Problem to solve = Reproduce verbatim the lines of the material below, starting at the line with "SEIKO セイコー ドルチェ 8N41-6180 ゴールド文字盤 腕時計" and ending at the line with "Its All About", both inclusive; skip the rest.

Entries provided =
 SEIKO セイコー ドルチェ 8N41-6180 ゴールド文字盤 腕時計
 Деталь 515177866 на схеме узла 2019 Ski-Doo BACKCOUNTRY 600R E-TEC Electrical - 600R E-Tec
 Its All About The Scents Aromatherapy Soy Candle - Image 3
...
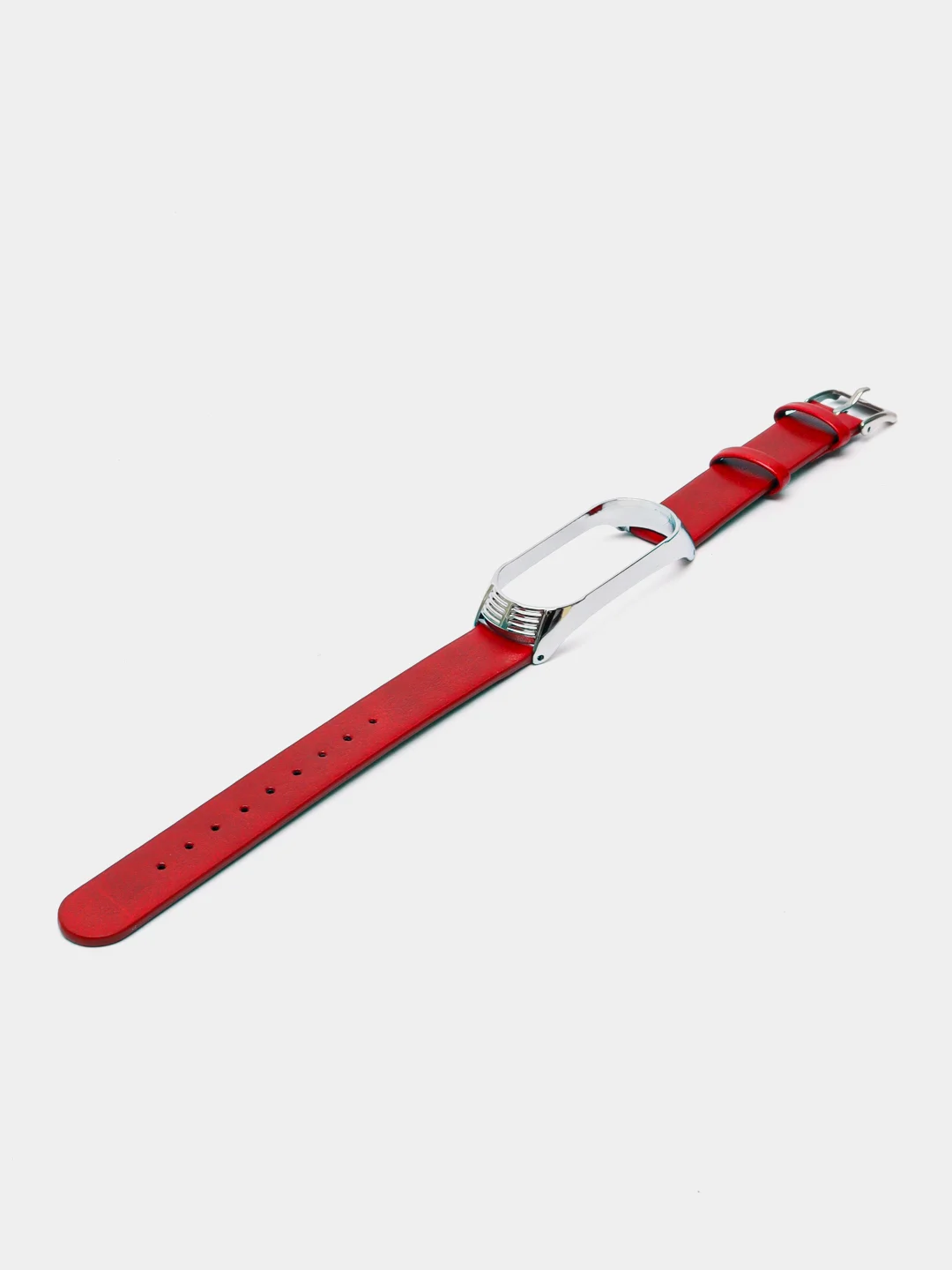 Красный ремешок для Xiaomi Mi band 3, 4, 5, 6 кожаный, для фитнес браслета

Completed task =
 SEIKO セイコー ドルチェ 8N41-6180 ゴールド文字盤 腕時計
 Деталь 515177866 на схеме узла 2019 Ski-Doo BACKCOUNTRY 600R E-TEC Electrical - 600R E-Tec
 Its All About The Scents Aromatherapy Soy Candle - Image 3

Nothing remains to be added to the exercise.